An exact copy is needed of the lines in the entries below from the line with "Welcome. My name" up to and including the line with "To raise the", and of nothing else. Leave the pictures out.

**MATERIAL FOR THE TASK:**
======
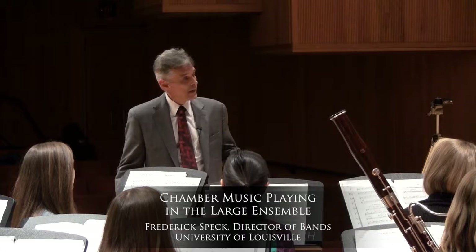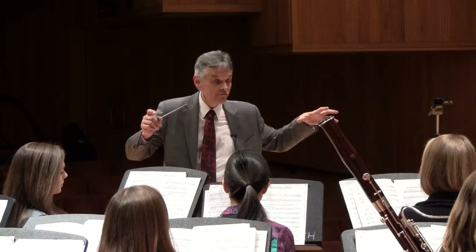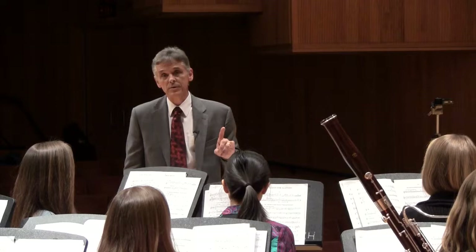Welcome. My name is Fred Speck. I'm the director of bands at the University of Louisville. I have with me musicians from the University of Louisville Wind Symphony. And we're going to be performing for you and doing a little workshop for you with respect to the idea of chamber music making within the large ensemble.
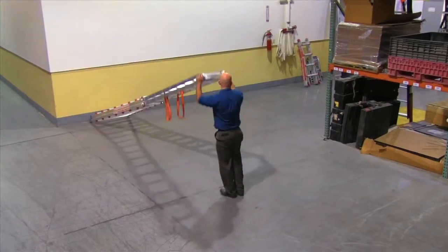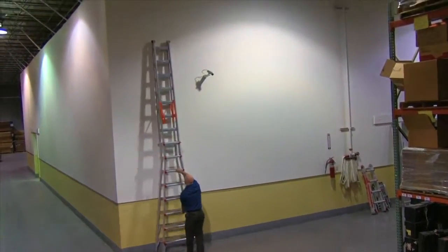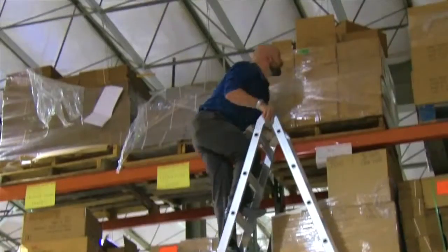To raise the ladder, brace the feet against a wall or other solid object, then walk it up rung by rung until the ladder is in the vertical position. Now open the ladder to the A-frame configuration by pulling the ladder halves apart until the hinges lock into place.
======
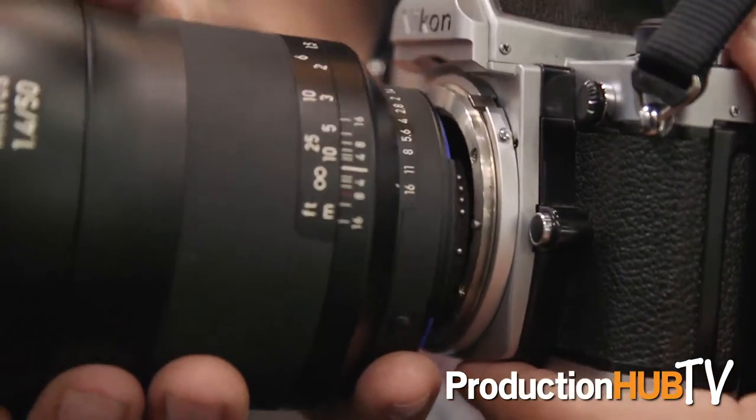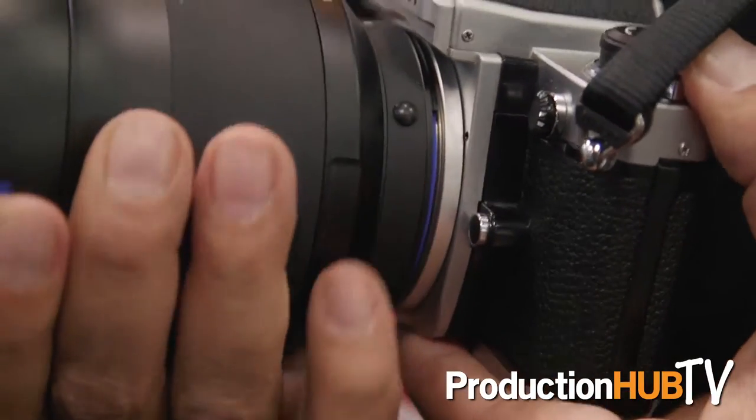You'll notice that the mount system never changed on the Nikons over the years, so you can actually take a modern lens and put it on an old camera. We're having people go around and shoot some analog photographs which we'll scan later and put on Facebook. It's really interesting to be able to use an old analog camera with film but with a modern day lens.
======
**EXERCISE OUTPUT:**
Welcome. My name is Fred Speck. I'm the director of bands at the University of Louisville. I have with me musicians from the University of Louisville Wind Symphony. And we're going to be performing for you and doing a little workshop for you with respect to the idea of chamber music making within the large ensemble.
To raise the ladder, brace the feet against a wall or other solid object, then walk it up rung by rung until the ladder is in the vertical position. Now open the ladder to the A-frame configuration by pulling the ladder halves apart until the hinges lock into place.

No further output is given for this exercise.